Don for a moment cleared his throat, the prayer of response nearly forgotten. He felt the eyes of the room on him, expectedly. He looked down at this woman, Meruna. He was washed in a wave of sorrow for her, compassion for her that was unexpected. He reached down and lightly touched the palm of her upraised hand. The words of prayer coming back to him, “Daughter of the Christ, though unworthy of the forgiveness for your sins, it is yours. The Christ always welcomes back his sons, his daughters who seek him. Rise now, be worthy going forward of his gifts. You are forgiven. You are blessed.” Don slowly lifted his hand away. The room remained silent, and then suddenly the room exploded with a single word, spoken at once by the group around them, “AMEN.”
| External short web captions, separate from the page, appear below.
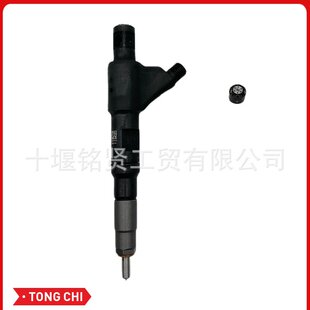 柴油喷油器28651415Y10009244用于卡车YNF404D27G31发动机电喷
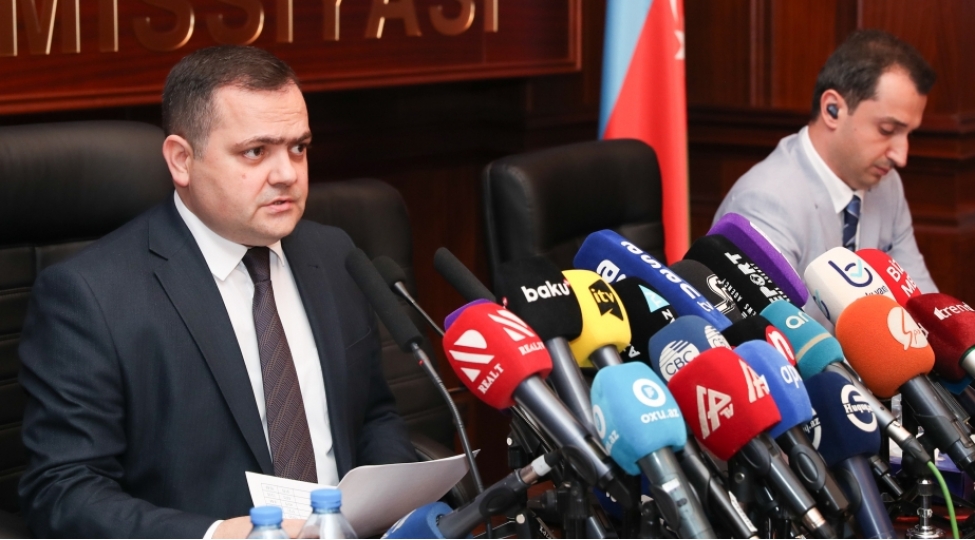 saat-1500-a-olan-melumata-gore-parlament-sechkilerinde-sechici-fealligi-2949-faiz-olub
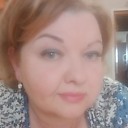 Иришка, 44 года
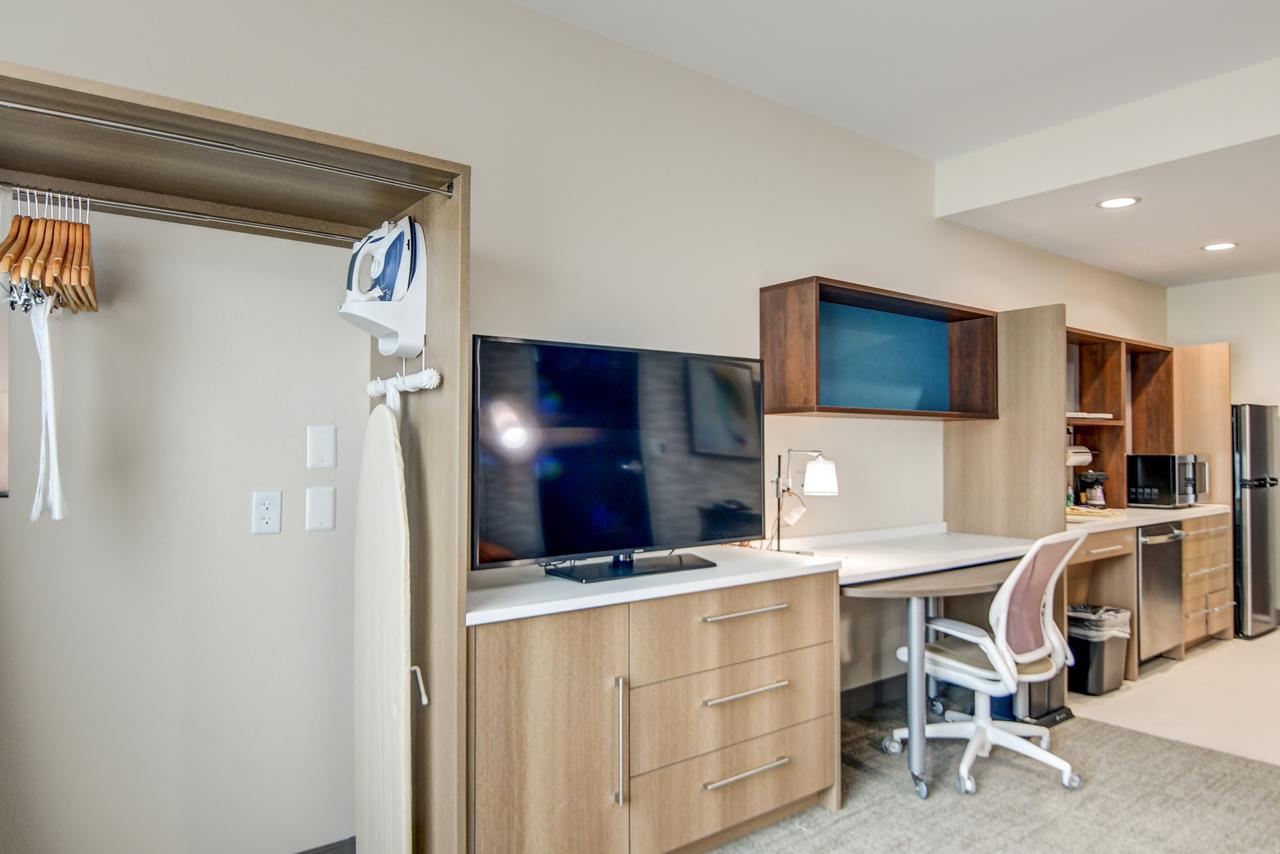 Home2 Suites By Hilton Foley - thumb 8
For a moment the room echoed with the amen, then it was silent. Don looked over his shoulder and spied the miner he had encountered earlier staring at him, a baleful gaze of burning hatred in his eyes. Don looked back down at Meruna – she still knelt before him, head bowed in supplication. Then suddenly she shot upright, standing before him, her eyes bright, almost glowing. She did not smile, did not look at Don, rather she looked almost through him, as if he were a window. As her eyes scanned the room, she saw the miner, and immediately the look on her face softened, and she was transformed. It was then she looked up at the priest, “Father,” she reached up and brushed her hair back from her forehead, “I must take my leave of you for now but surely I’ll see you at morning prayers.” Don nodded silently, then said, “Yes of course,” but she had already moved past him. The second she stepped around him the room came alive again with the sounds of the miners and Mercy colonists welcoming the new arrivals.
Don was left standing in the middle of the room like a rock in a stream, unnoticed and forgotten. The only person who noticed him was Wayne. Wayne stood for a moment, his back against the large shuttle doors, finally he reached out and touched Don’s arm, “Don come on, let’s let them get settled. Tomorrow there is a festival planned to welcome them which we’ll be expected to attend.”
Don looked at Wayne’s face. It held no answers, was empty almost, void of emotion. “Yes,” he paused, looked around, “yes of course.” He lifted his cap to his head then paused and looked around again. “Wayne, I have a bad feeling about this.”
Wayne slipped his cap on. His empty face became suddenly full. “It will only get worse.” He adjusted his gun belt. “It will only get worse.”
Don looked at him then over again at the miners. Meruna was chatting with them, but the leader of the group, the one encountered on the Electrotrak was still starring at them, at Don really. His eyes gleamed, and even from across the room they flashed, filled with rage and hatred. Then the miner smiled at Don, it was like a blow to the face and looked away. Don felt the sweat again down his back. “Wayne, it is worse than we thought.”